Gr8 Upgrade in graphics ! looks good Gettin Tom !

*@Ethan_Hunt
*
R u using HD 4850 for this game to pay with full HD ??


----------



## vamsi_krishna (Nov 17, 2010)

You can always force AA with ATI CCC. Try that.


----------



## Gollum (Nov 17, 2010)

Will 9500gt be able to run it at 1360x768?
Does it have online multilayer option like burnout paradise?


----------



## Faun (Nov 17, 2010)

I so want this game


----------



## vamsi_krishna (Nov 17, 2010)

Gollum said:


> Will 9500gt be able to run it at 1360x768?
> Does it have online multilayer option like burnout paradise?

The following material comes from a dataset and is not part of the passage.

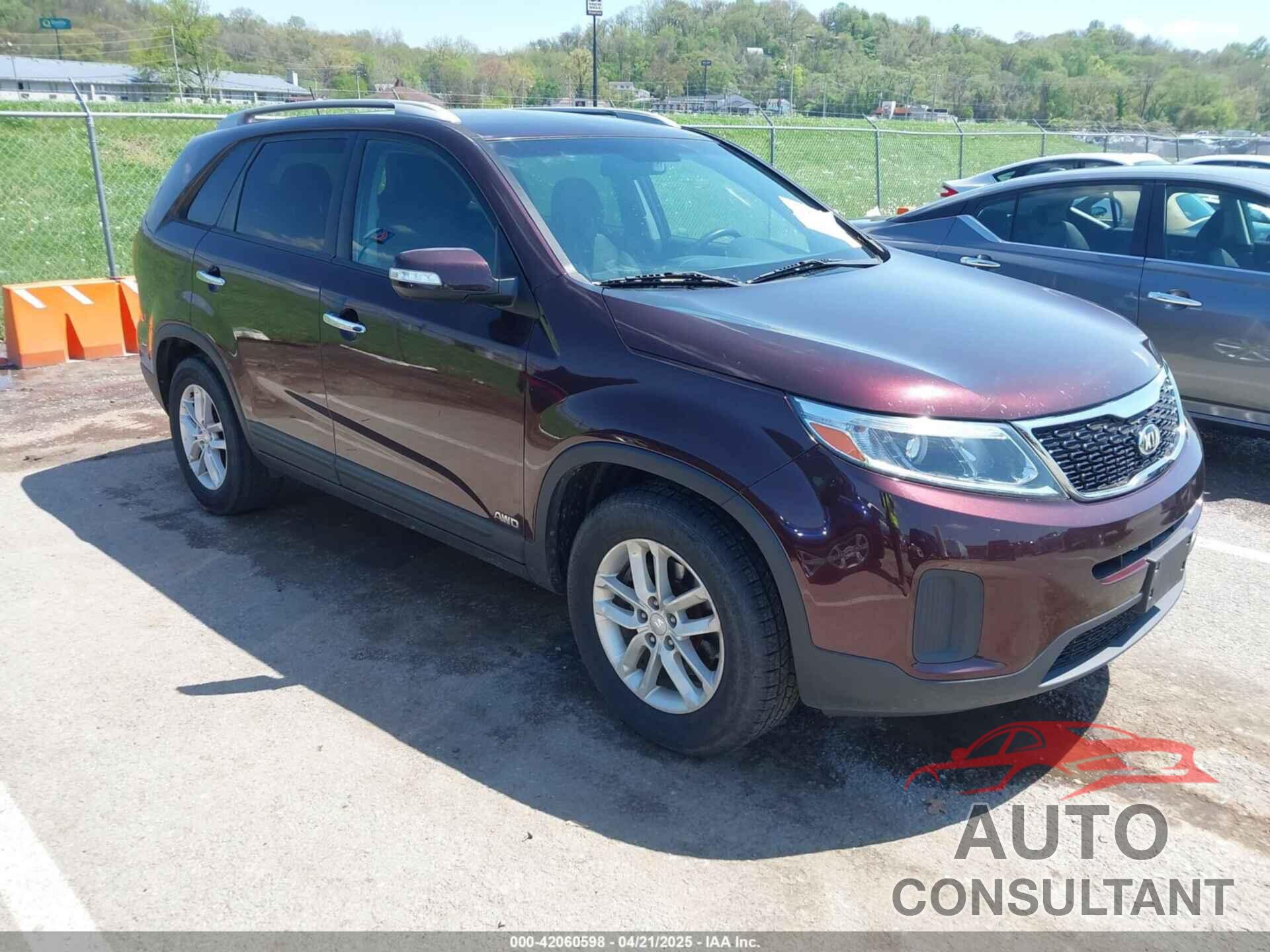 KIA SORENTO 2015 - 5XYKTDA70FG604220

Yes 9500gt should be able to run it at cranked down settings and resolution. And yes, It has online multilayer. Both Co-op and competitive.


----------



## topgear (Nov 29, 2010)

I'm not so much happy with this - the game is nowhere close to MW but it's better than undercover so I may bear with it.

Another irritating thing is the camera mode option is really very less - only 3 modes - WTF! it's like NFS underground but that was released ages ago.

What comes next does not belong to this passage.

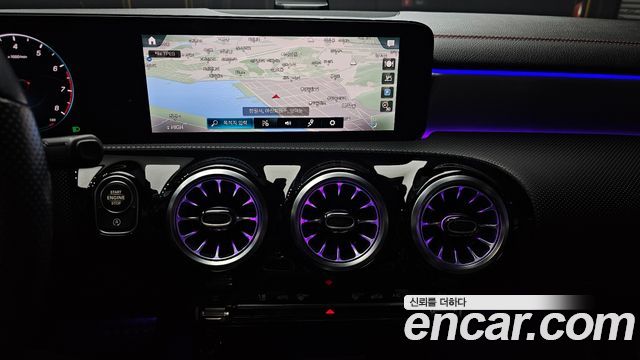 Mercedes-Benz CLA-Class CLA250 4MATIC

This game should have camera options like NFS shift - come on wake up criterion and EA - add more camera modes so that we can drive in comforts.

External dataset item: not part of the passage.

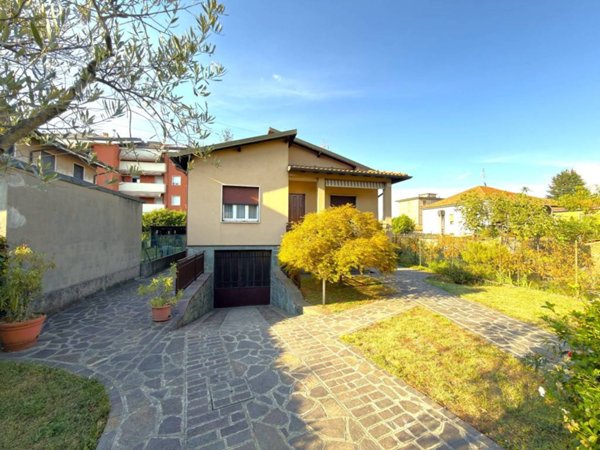 casa indipendente in vendita a Trezzo sull'Adda in zona Concesa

BTW, are there any hot chicks this time ?


----------



## damngoodman999 (Nov 29, 2010)

Sorry to say !

Worst NFS series Ever !


----------



## vamsi_krishna (Nov 29, 2010)

Really? I haven't played the game yet.. but many were quite satisfied with the game!! What was wrong?


----------



## Faun (Nov 29, 2010)

^^PEBKAC problem  !


----------



## Ethan_Hunt (Nov 29, 2010)

My only problem is the f*ckin' rubber-band AI. PERIOD. It's not MW, it's not perfect, but hey it's FUN.


----------



## vamsi_krishna (Dec 1, 2010)

Just tried this. I don't like the handling(of any car). I have played 5 Racer races and 5 Cop races. Handling is cheesy. After playing pile of simulators I had a long break for Arcade racers(except BLUR, Split/Second I haven't played any arcade racers since burnout paradise). It seems I should go though some learning curve. 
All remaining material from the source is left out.